Earth to Echo suffers from the problems you might expect: namely, adhering to the E.T. formula a little too closely for its own good. It also uses found footage techniques, which means you should probably pack your Dramamine. Combining these two ideas makes for a rather shopworn experience, as we count off the beats of Steven Spielberg’s masterpiece that Earth to Echo simply can’t get away from, no matter how many YouTube friendly nudges it makes.
More’s the pity because, when you get past that, the film actually has some real assets in its corner. The kids at the heart of it all are quite sweet, showing an authenticity you rarely see in movies these days. Earth to Echo also has some amorphous ideas about life in a post-Millennial world, where electronics define communication and distance is supremely relative.

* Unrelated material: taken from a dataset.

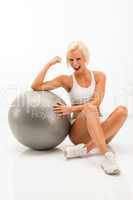 Successful fitness woman with exercise ball white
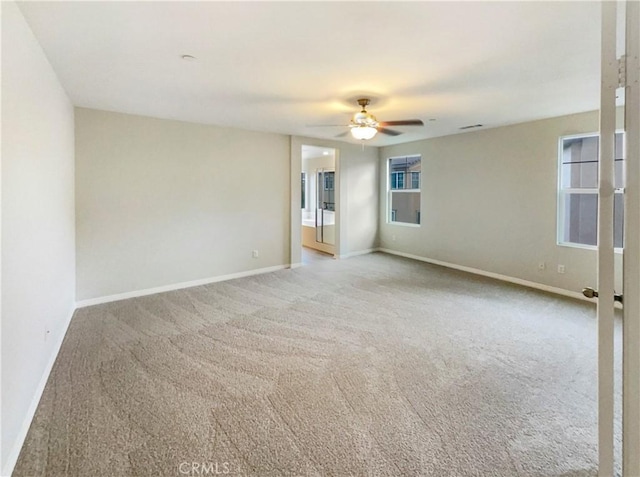 empty room with light colored carpet and ceiling fan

They don’t quite gel, but you can see the start of something that might have pushed the film above its derivative roots.
Beyond that, the primary joys come from watching the main characters interact with each other in the midst of a not-so-mysterious mystery. Their Nevada neighborhood is due for demolition to make way for a freeway bypass, forcing their parents to move and scattering their tight-knit group to the winds. That’s before their phones start going haywire, flashing cryptic directions to a spot in the desert where a visitor from somewhere else could use a little help…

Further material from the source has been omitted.